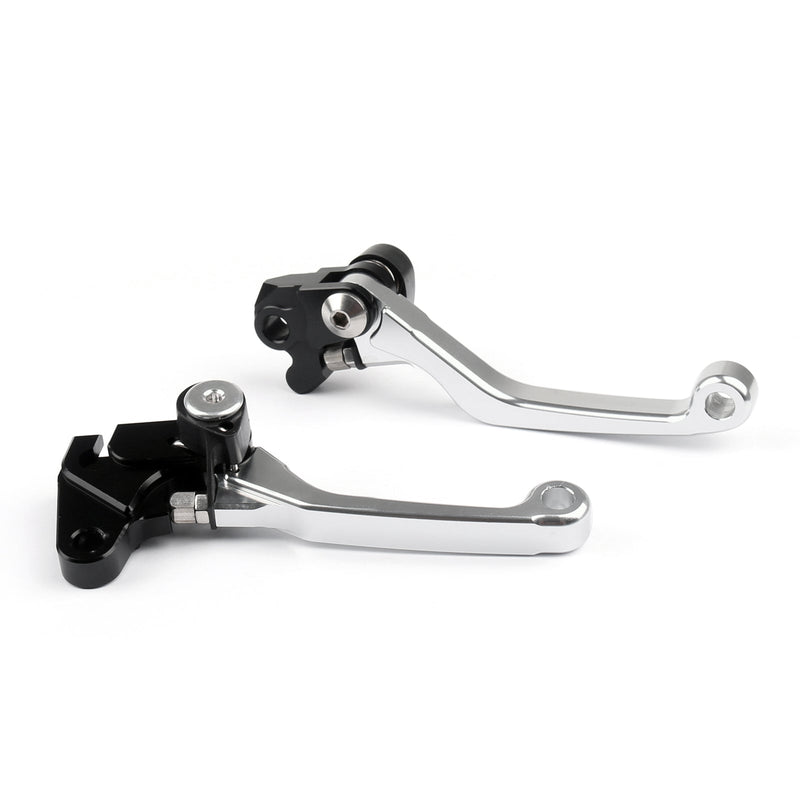 CNC Dirt Bike Pivot Brake Kupplungshebel für Yamaha WR250F/450F 2005-2013 2006 Generic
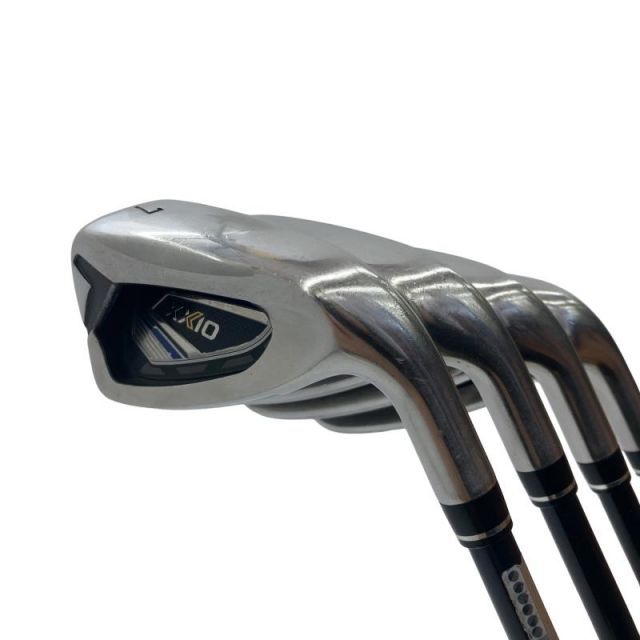 【中古】 ダンロップ XXIO(2022) 5S アイアンセット IR XXIO MP1200(IR) (フレックスR) メンズ 男性用 右利き 右用 Cランク ゴルフクラブ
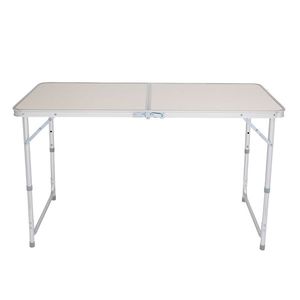 120 X 60 X 70 4Ft Portable Multipurpose White Folding Table Same As 19846019 - Product Image 3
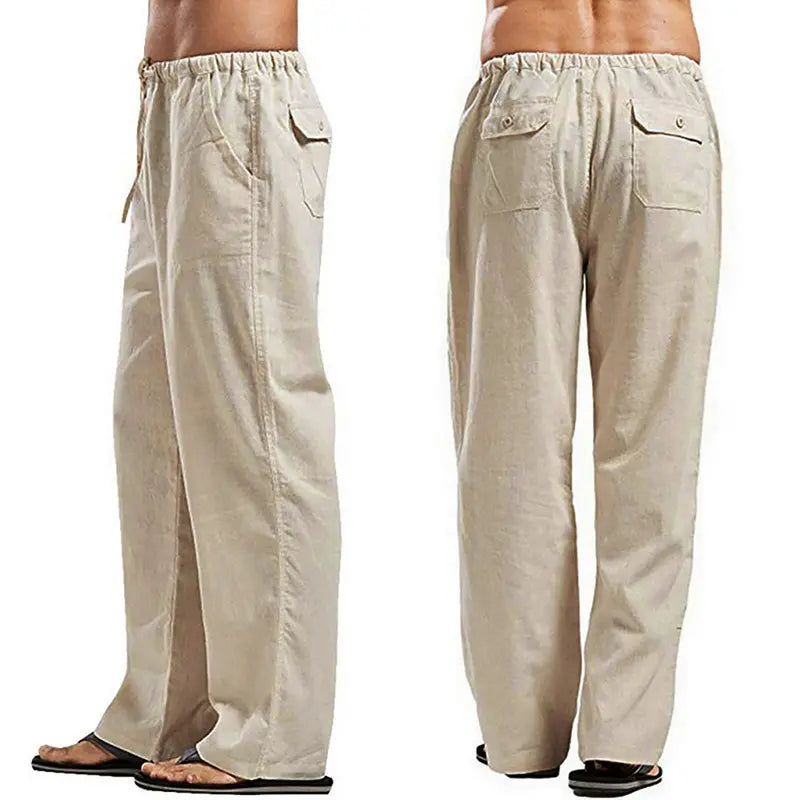 😎【S-5XL】Nuevos pantalones casuales para hombre 2026, tejidos de alta calidad, cómodos y transpirables.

Exercise objective ▸
Will you repeat the material above, but only from the line containing "右用 Cランク ゴルフクラブ" through its last line, exactly and without the pictures?

Solution to this exercise ▸
 【中古】 ダンロップ XXIO(2022) 5S アイアンセット IR XXIO MP1200(IR) (フレックスR) メンズ 男性用 右利き 右用 Cランク ゴルフクラブ
 120 X 60 X 70 4Ft Portable Multipurpose White Folding Table Same As 19846019 - Product Image 3
 😎【S-5XL】Nuevos pantalones casuales para hombre 2026, tejidos de alta calidad, cómodos y transpirables.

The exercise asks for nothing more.